Some companies like Rolls Royce proposed some major steps in their business reorganisation like cutting off about 9000 roles from the global workforce of 52,000, cutting expenditure across plant and property, capital and other indirect cost areas. This proposed reorganisation is bound to generate annual savings of Euro 1.3bn.

Taking hard decisions during unprecedented times is tough & responding to this tough-call Warren East, Rolls-Royce, CEO said, “This is not a crisis of our making. But it is the crisis that we face and we must deal with it. Our airline customers and airframe partners are having to adapt and so must we. Being told that there is no longer a job for you is a terrible prospect and it is especially hard when all of us take so much pride in working for Rolls-Royce. But we must take difficult decisions to see our business through these unprecedented times. Governments across the world are doing what they can to assist businesses in the short-term, but we must respond to market conditions for the medium-term until the world of aviation is flying again at scale, and governments cannot replace sustainable customer demand that is simply not there. We have to do this right, which means we will work closely with our employee and trade union representatives as appropriate, look at any viable alternatives to mitigate the impact, consult with everyone affected and treat our people with dignity and respect.”

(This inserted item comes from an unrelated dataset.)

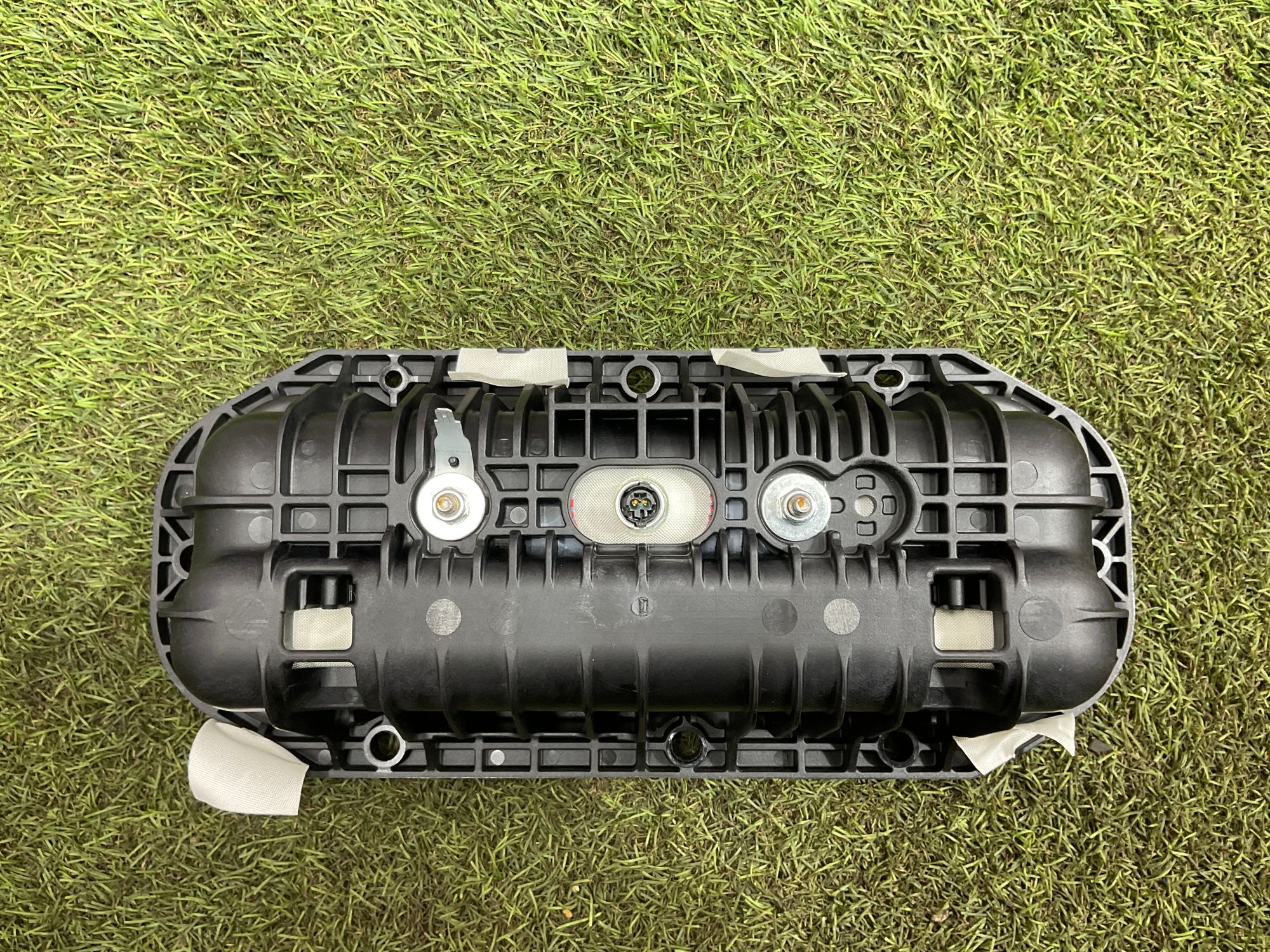 Подушка безопасности пассажира Land Rover Defender II L663 2022, 25000 рублей, Москва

Although this reorganisation will definitely affect the Civil Aerospace business, Rolls Royce has chalked out a damage-control plan.

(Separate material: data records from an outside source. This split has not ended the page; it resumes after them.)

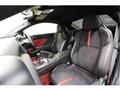 2024 Toyota 86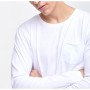 Ltb Losefo  Erkek Beyaz  Sweatshirt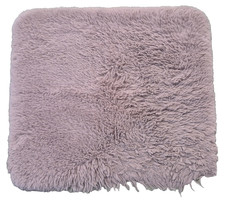 My Home RABBIT rosa 55 x 50 cm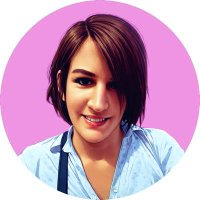 rosarot ★ (@rotundrosa) 's Twitter Profile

– Detailed review of facility footprint.

 Negotiations underway with the Power Systems business and ITP Aero

 Due to robust defence business in UK and US during the pandemic phase, no downsizing in the defence sector.

 Work out a plan to ensure the civil aerospace business continues to support the increased demand in the defence sector to compensate for the losses.

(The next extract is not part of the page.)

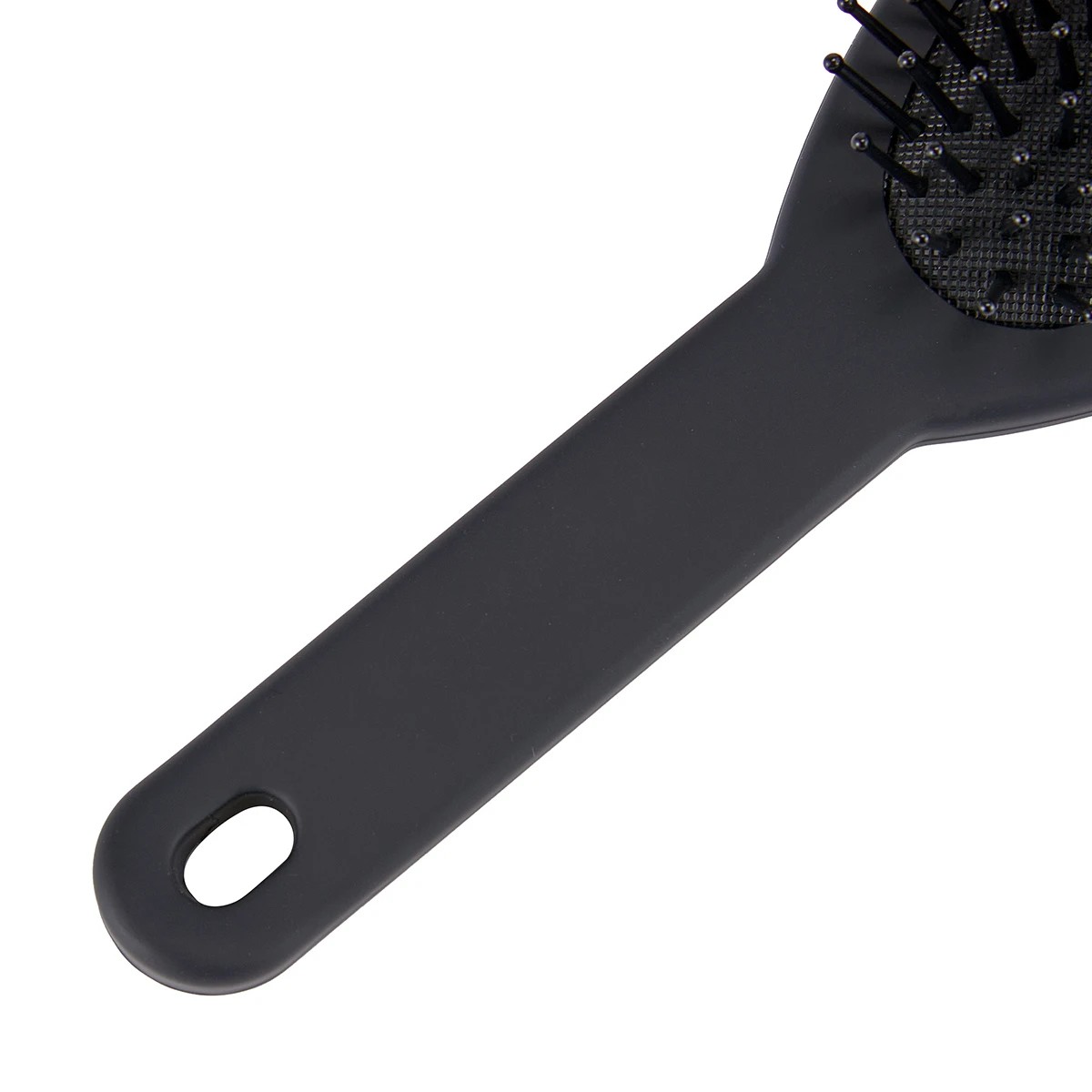4 Pad Brush, 4 of 7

Warren East further added, “The strategic choices that we have made over the last few years have helped us to respond rapidly to COVID-19 and the synergies between our divisions leave us well placed to capitalise on the long-term potential of our markets. The world on the other side of this pandemic will need the power that we generate to fuel economic recovery. I absolutely believe the call for that power to be more sustainable will be stronger than ever. This plays to our strengths. We must ensure that we are able to continue to innovate and play our leading role in enabling the vital sectors in which we operate achieve net zero carbon emissions. We have emerged from troubled times before, to achieve incredible things. We will do so again.”

By now, it is amply clear that the effects of COVID-19 on the commercial aerospace market till take several years to return to the pre-COVID-19 phase. Looking at this, Rolls Royce has addressed these medium-term structural changes with reduced demand from customers for the civil aerospace engines and aftermarket services. The above measures taken by Rolls Royce are to strengthen the financial resilience of the business and reduce our cash expenditure in 2020.